Without the pictures, write the listing out again exactly as it appears.

# [Given data]
┌──

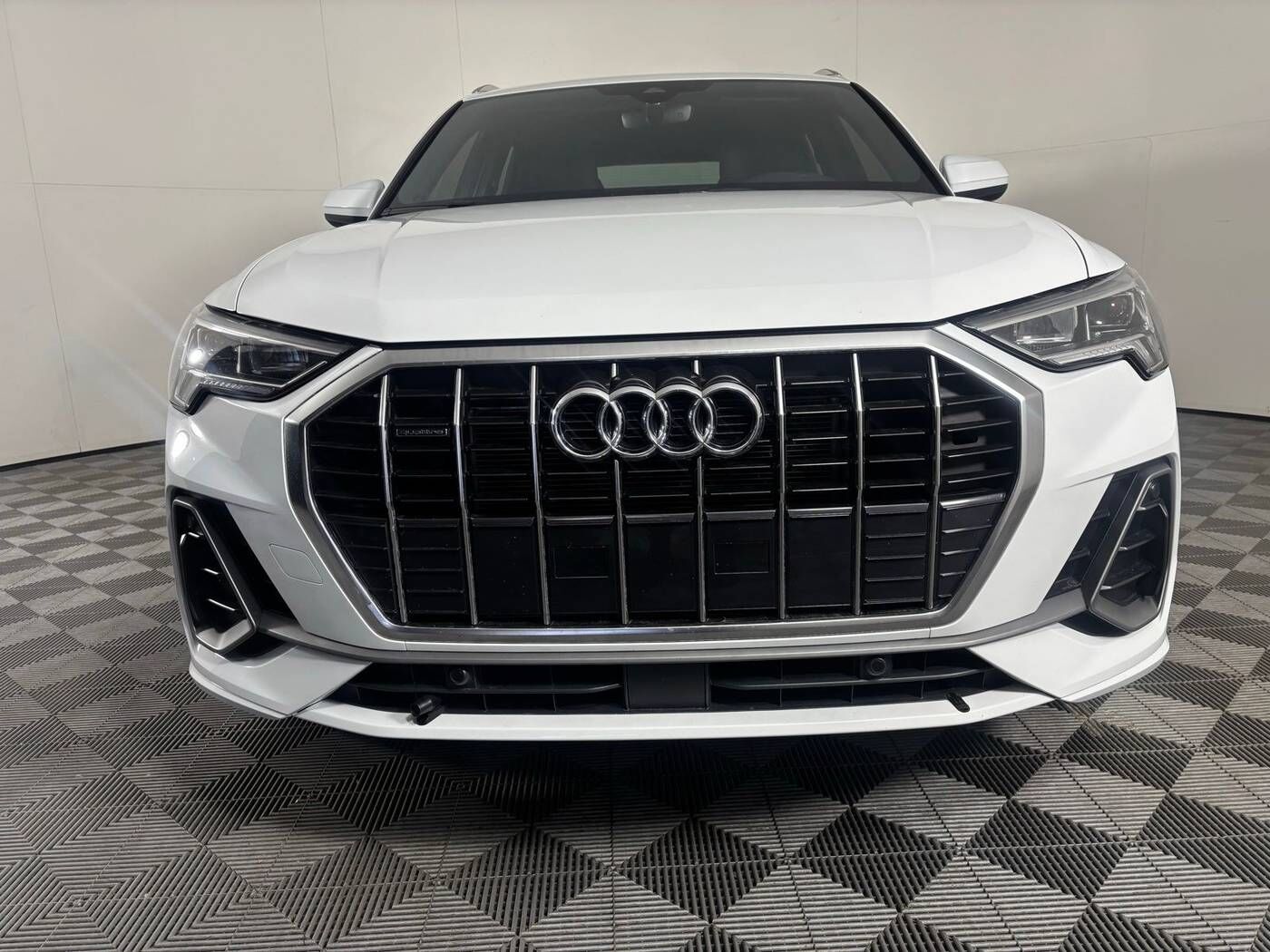 2023 Audi Q3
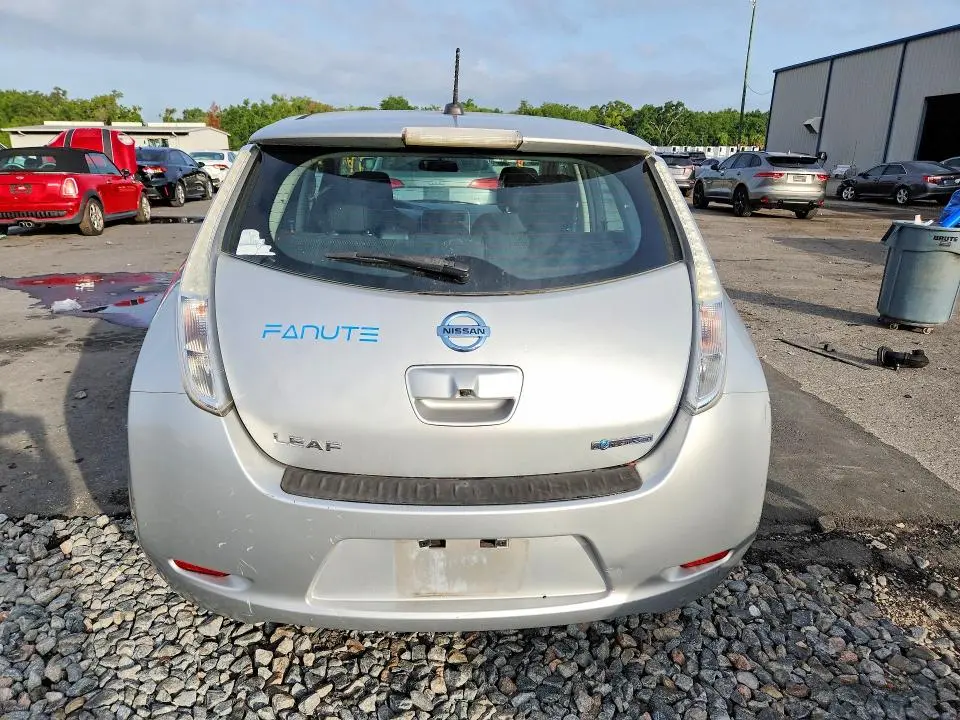 2015 NISSAN LEAF S  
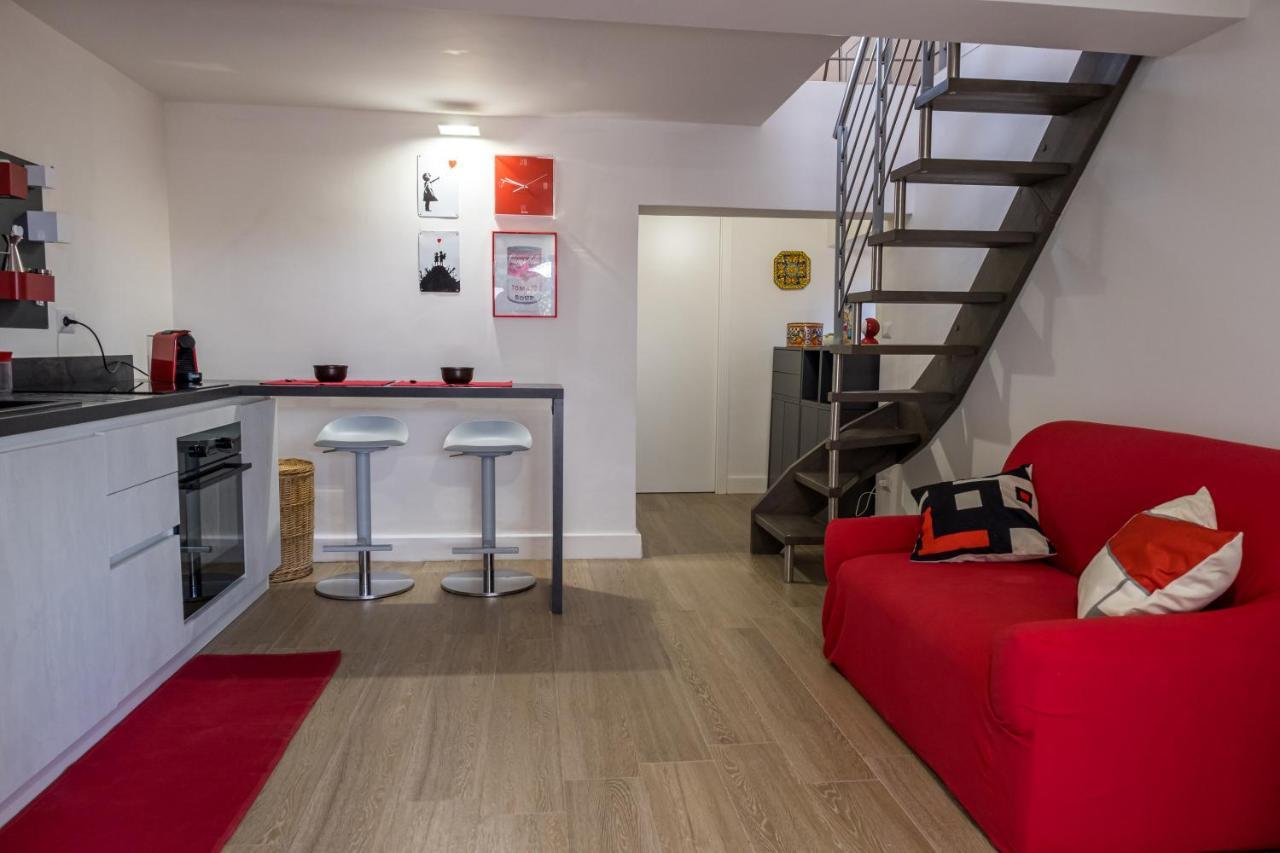פלרמו Teatro Apartments Mondello מראה חיצוני תמונה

└──

# [Task solution]
 2023 Audi Q3
 2015 NISSAN LEAF S  
פלרמו Teatro Apartments Mondello מראה חיצוני תמונה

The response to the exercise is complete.